Janet Daniels Schenck (November 11, 1883–October 12, 1976) was born Janet Williams Daniels in Evanston, Illinois. After studies at the American Institute of Applied Music in New York, she traveled abroad and met pianist Harold Bauer, with whom she studied. A graduate of the New York School of Social Work, she also took courses at Columbia University. She served as president of the National Guild of Community Music Schools from 1934 to 1941 and as vice president of the National Association of Schools of Music. She spoke on education and music to such groups as the New York Times Panel on Education, National Music Council, National Federation of Music Clubs, Metropolitan Opera Guild, and the Griffith Foundation. She was also a music teacher at summer sessions at Juilliard and at winter sessions of the New York School of Social Work, now a part of Columbia University. She headed Manhattan School of Music’s piano department until 1969. In addition to her history of Manhattan School of Music, Adventure in Music (1961), she wrote Music, Youth and Opportunity (1928) and contributed articles to such publications as Musical Courier, The Quarterly, and Musical America. Rutgers University and Lafayette College awarded Schenck honorary degrees, and the National Association of American Composers and Conductors gave her an award. In 1968, the City of New York gave her its Handel Medallion.

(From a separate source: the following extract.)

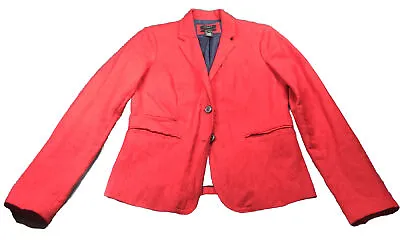 J.Crew  Schoolboy Blazer Womens 2 Cherry Red Two Button Jacket LIned Pockets • $29.87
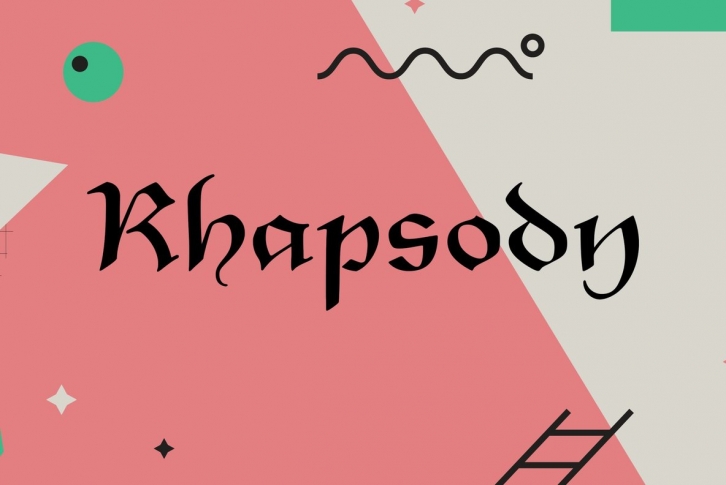 Rhapsody Font Font Download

John Donald Mackenzie Brownlee (January 7, 1900–January 10, 1969) was an operatic baritone, born in Australia. After serving in World War I, he studied accounting but pursued his interest in singing informally. He entered a singing contest and won, having never had a singing lesson. At a subsequent engagement, Nellie Melba heard him and convinced him to go to Paris for serious study. His operatic debut took place at Covent Garden on June 8, 1926, in a performance of Puccini’s La bohème, in which Dame Melba made her farewell appearance. That autumn he was engaged by the Paris Opera, the first time a British subject had been made a permanent member of that company. On February 17, 1937, he appeared for the first time at the Metropolitan Opera, in Verdi’s Rigoletto. Besides making important appearances elsewhere, Brownlee remained a regular at Covent Garden, the Paris Opera, and the Met, making his last performance there in March 1957. In total at the Met, he would appear in 33 roles, giving over 500 performances: 348 in New York and the remainder on tour with the Company in Philadelphia, Boston, Baltimore, and other cities. In addition, he often sang in operetta, oratorio, and musicals. He joined Manhattan School of Music’s voice faculty in 1953 and became head of the opera department. When Janet Schenck retired as director in 1956, the Trustees appointed Brownlee as the School’s new director, a title later changed to president.
George Schick (September 28, 1908–March 7, 1985) was a Czechoslovakian-born conductor, vocal coach, accompanist, and music educator. He served as accompanist for Richard Tauber on his 1946–47 tour of North, Central, and South America, and for Elizabeth Schumann, including on what proved to be some of her last recordings in New York in 1950. He notably served on the conducting staffs of the Metropolitan Opera and the Prague State Opera. Trained at the Prague Conservatory, Schick began his career as an assistant conductor at the Prague State Opera from 1927 to 1938, then left to take a conducting post at the Royal Opera, London. Schick immigrated to the United States in 1940 and joined the United States Navy. After World War II, he conducted performances with the San Carlo Opera Company, the Internationale Opera Company, the Miami Opera Guild, and the Little Symphony of Montreal during the 1940s. He then worked as an associate conductor under Rafael Kubelik with the Chicago Symphony Orchestra from 1950 to 1956. Schick relocated to New York City in 1956 to become coordinator of the NBC Opera Company. He joined the conducting staff of the Metropolitan Opera in 1958 and remained with the Met for the next 11 years. Before leaving the Met in 1969, he conducted over 160 performances with the company.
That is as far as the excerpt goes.